- [About this task]: Transcribe the entries that follow exactly as they appear, minus pictures.

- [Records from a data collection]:
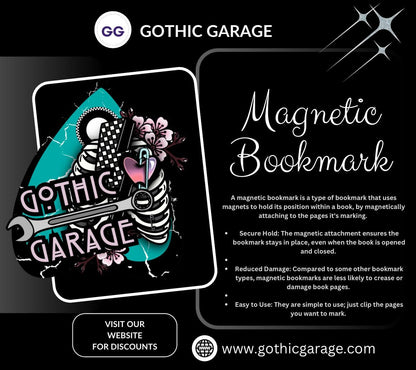 Grim Reaper Magnetic Bookmark – Holographic “Relaxing in Peace” Goth Book Lover Gift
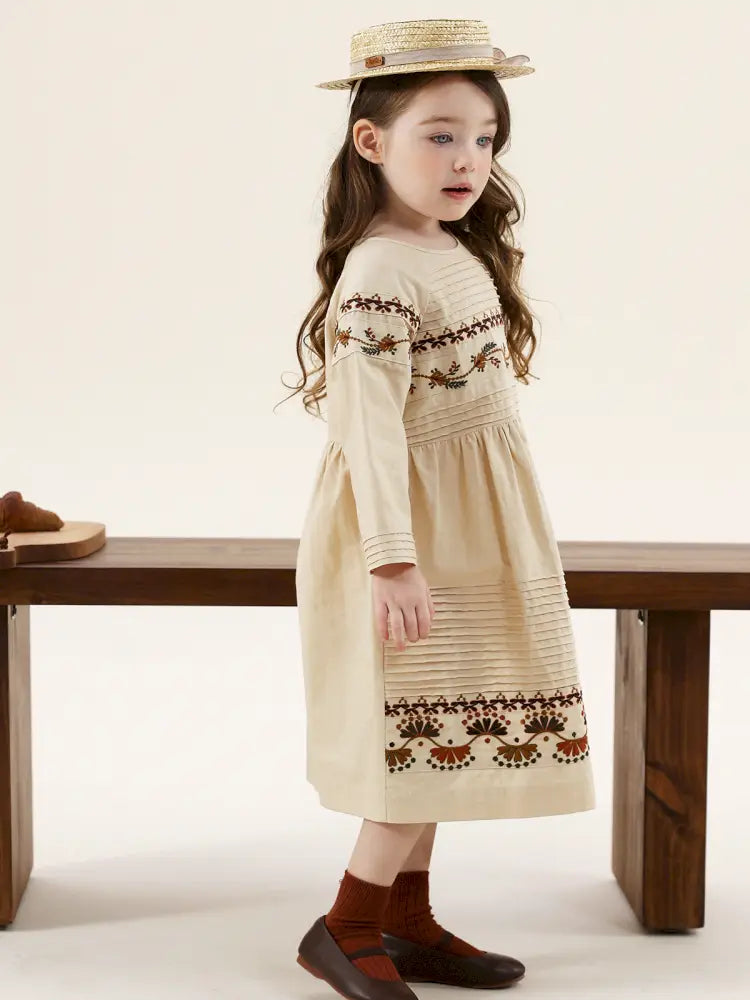 -長袖ワンピース 麻混素材 刺繍 ボヘミアン ギャザー フレア 森ガール【mh0011303】 - mamahalo shop - 長袖ワンピース -  べビー服 - 子供服 - 男の子 - 女の子
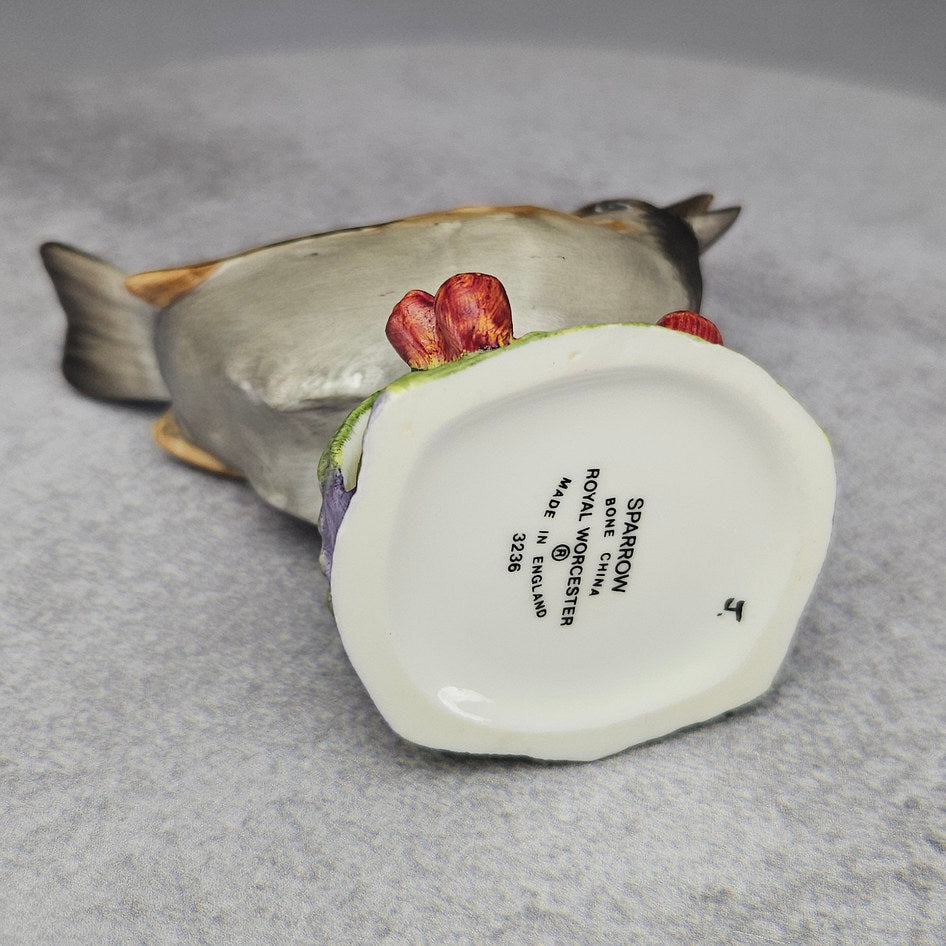 Underside of Royal Worcester sparrow figurine showing printed mark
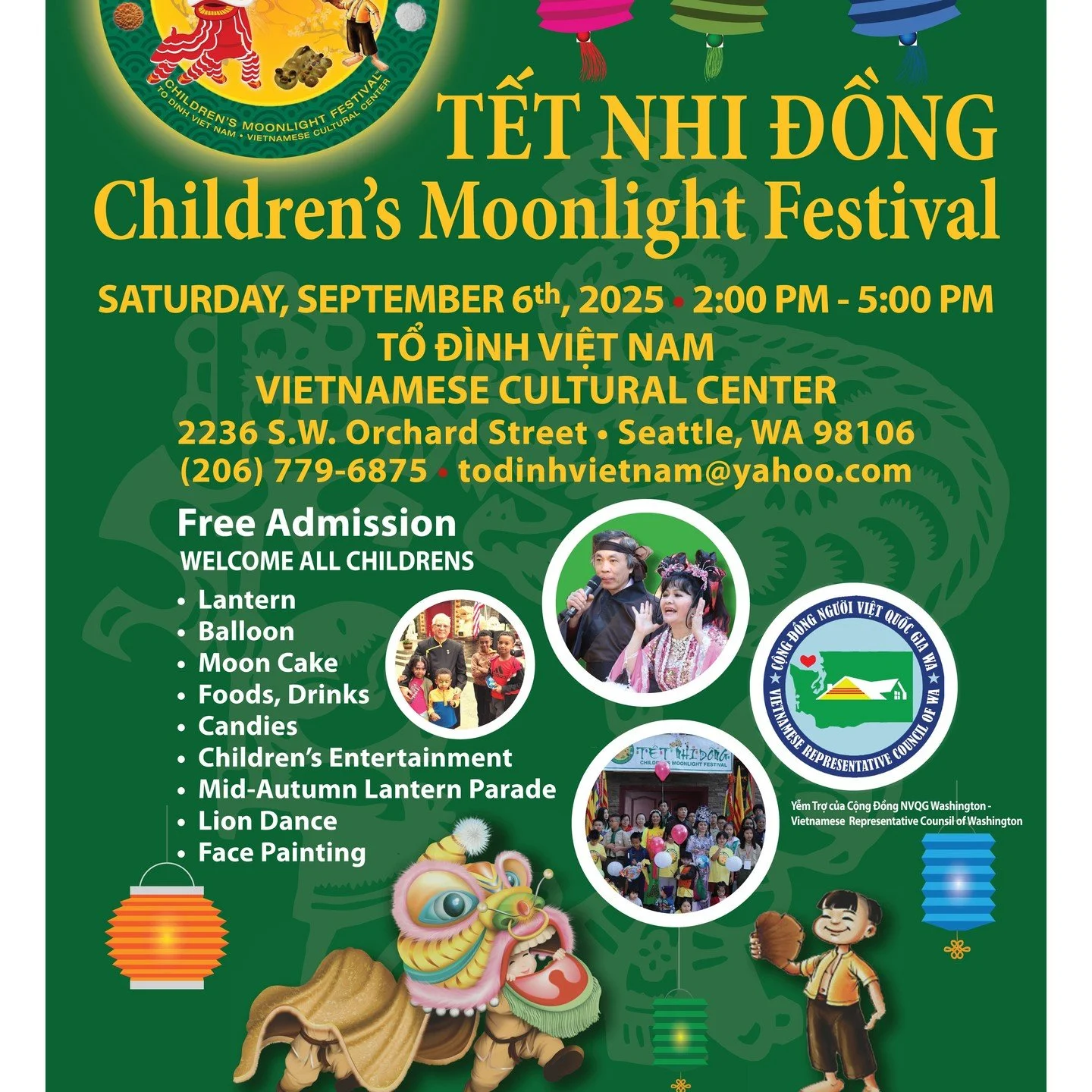 Children's Moonlight Festival (but during the day, ha) is being held again at the Vietnamese Cultural Center on September 6th, 2025, 2pm-5pm. #tếtnhiđồng #nguoivietseattle #vietnamese #westseattle #familyfun #carpoolingencouraged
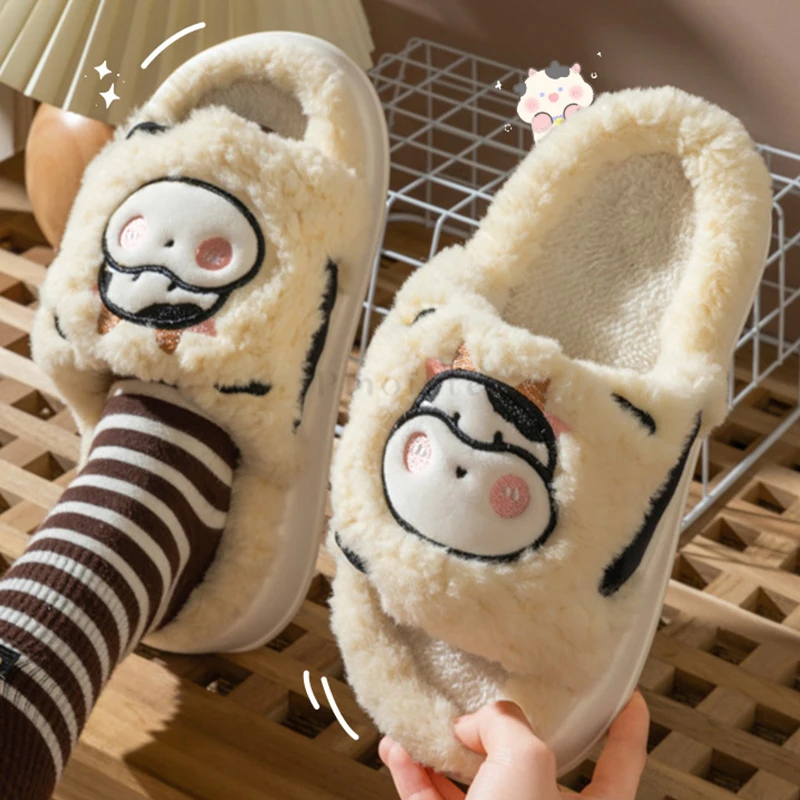Furry Women's Home Slippers Cute Cow Thick Plush Winter Female Indoor Shoes on Platform Slippers Soft Warm House Slides Animals
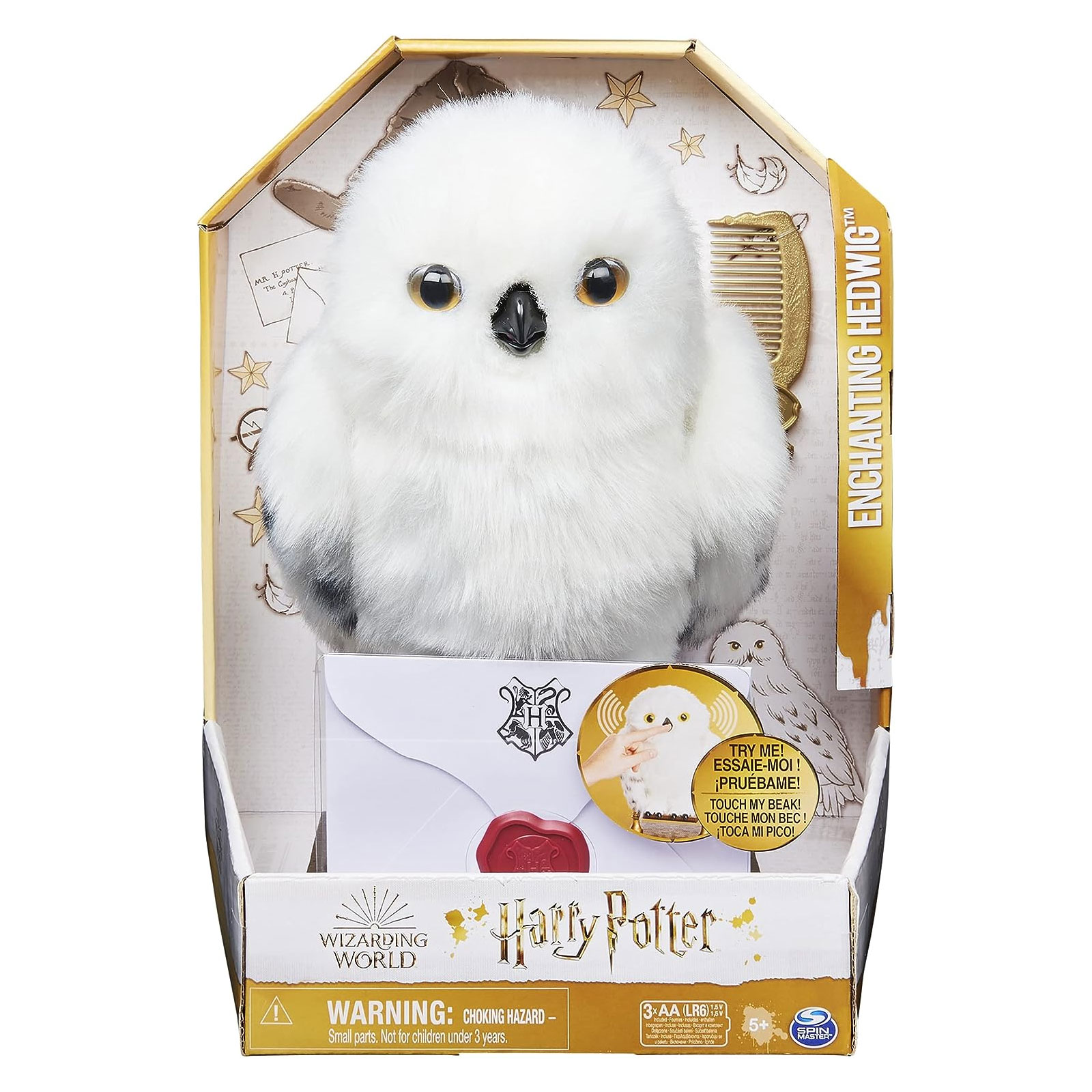 Spin Master Wizarding World Harry Potter - Interaktive Plüsch-Eule Hedwig mit über 15 Geräuschen und Bewegungen (Weiß)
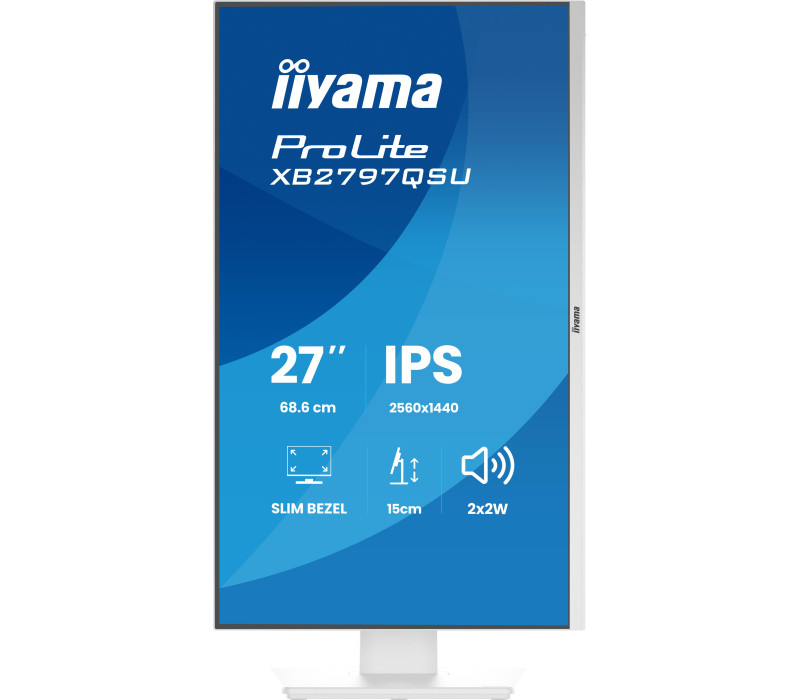 Biały monitor iiyama ProLite XB2797QSU-W1 27" IPS QHD LED 1ms /HDMI, DP/ FlickerFree, Redukcja niebieskiego światła, HAS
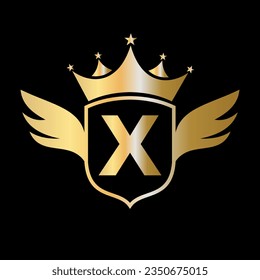 Letter X Transportation Logo With Wing, Shield And Crown Icon. Wing Logo On Shield Symbol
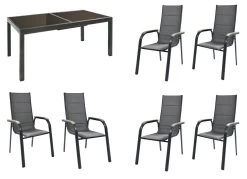 Gartenmöbel-Set Trivero, 7-teilig, Mit Stapelsesseln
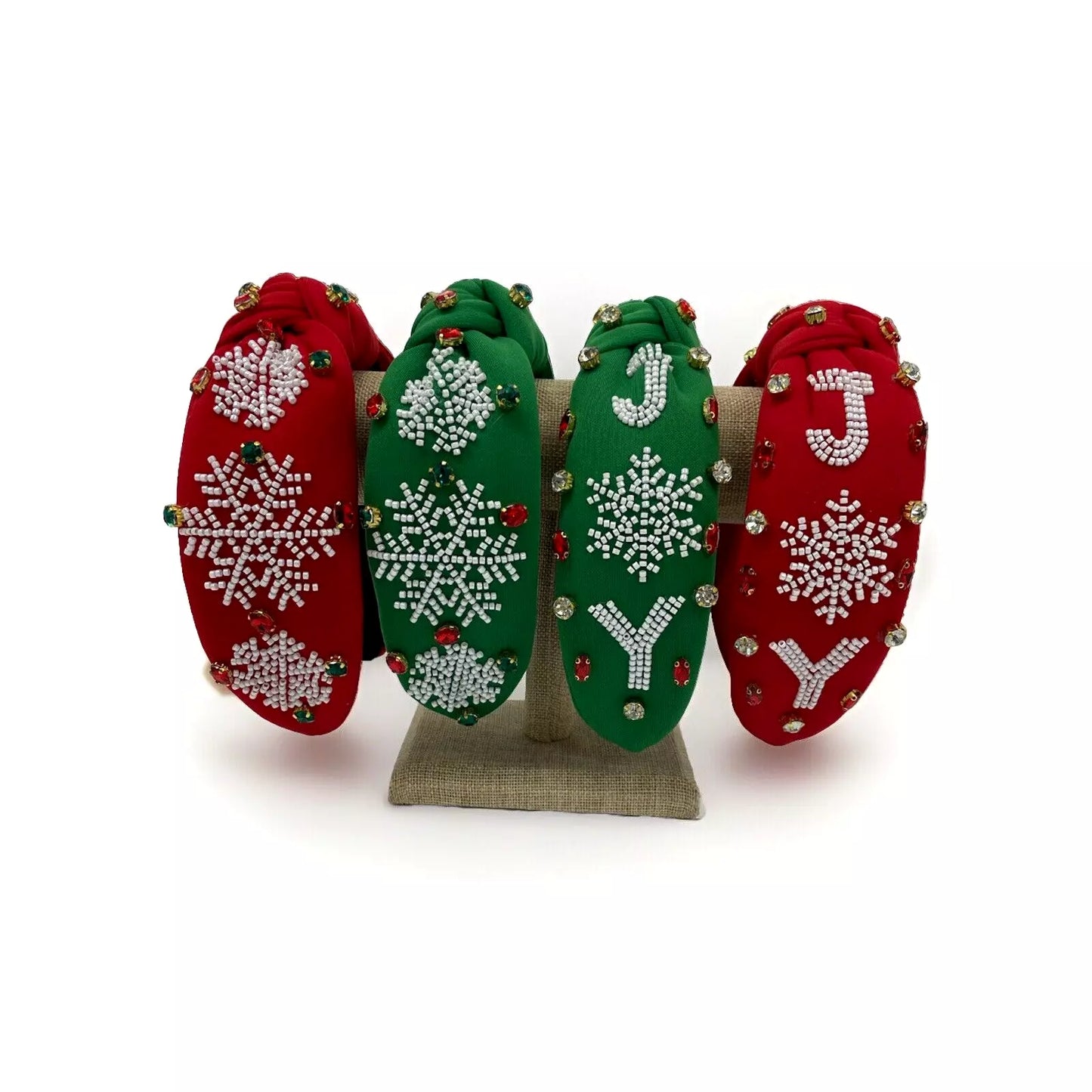 Holiday JOY Headband – Festive Snowflake Design with Gemstone Accents in Red and Green for a Holiday Look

- [Expected output]:
 Grim Reaper Magnetic Bookmark – Holographic “Relaxing in Peace” Goth Book Lover Gift
 -長袖ワンピース 麻混素材 刺繍 ボヘミアン ギャザー フレア 森ガール【mh0011303】 - mamahalo shop - 長袖ワンピース -  べビー服 - 子供服 - 男の子 - 女の子
 Underside of Royal Worcester sparrow figurine showing printed mark
 Children's Moonlight Festival (but during the day, ha) is being held again at the Vietnamese Cultural Center on September 6th, 2025, 2pm-5pm. #tếtnhiđồng #nguoivietseattle #vietnamese #westseattle #familyfun #carpoolingencouraged
Furry Women's Home Slippers Cute Cow Thick Plush Winter Female Indoor Shoes on Platform Slippers Soft Warm House Slides Animals
 Spin Master Wizarding World Harry Potter - Interaktive Plüsch-Eule Hedwig mit über 15 Geräuschen und Bewegungen (Weiß)
 Biały monitor iiyama ProLite XB2797QSU-W1 27" IPS QHD LED 1ms /HDMI, DP/ FlickerFree, Redukcja niebieskiego światła, HAS
 Letter X Transportation Logo With Wing, Shield And Crown Icon. Wing Logo On Shield Symbol
 Gartenmöbel-Set Trivero, 7-teilig, Mit Stapelsesseln
 Holiday JOY Headband – Festive Snowflake Design with Gemstone Accents in Red and Green for a Holiday Look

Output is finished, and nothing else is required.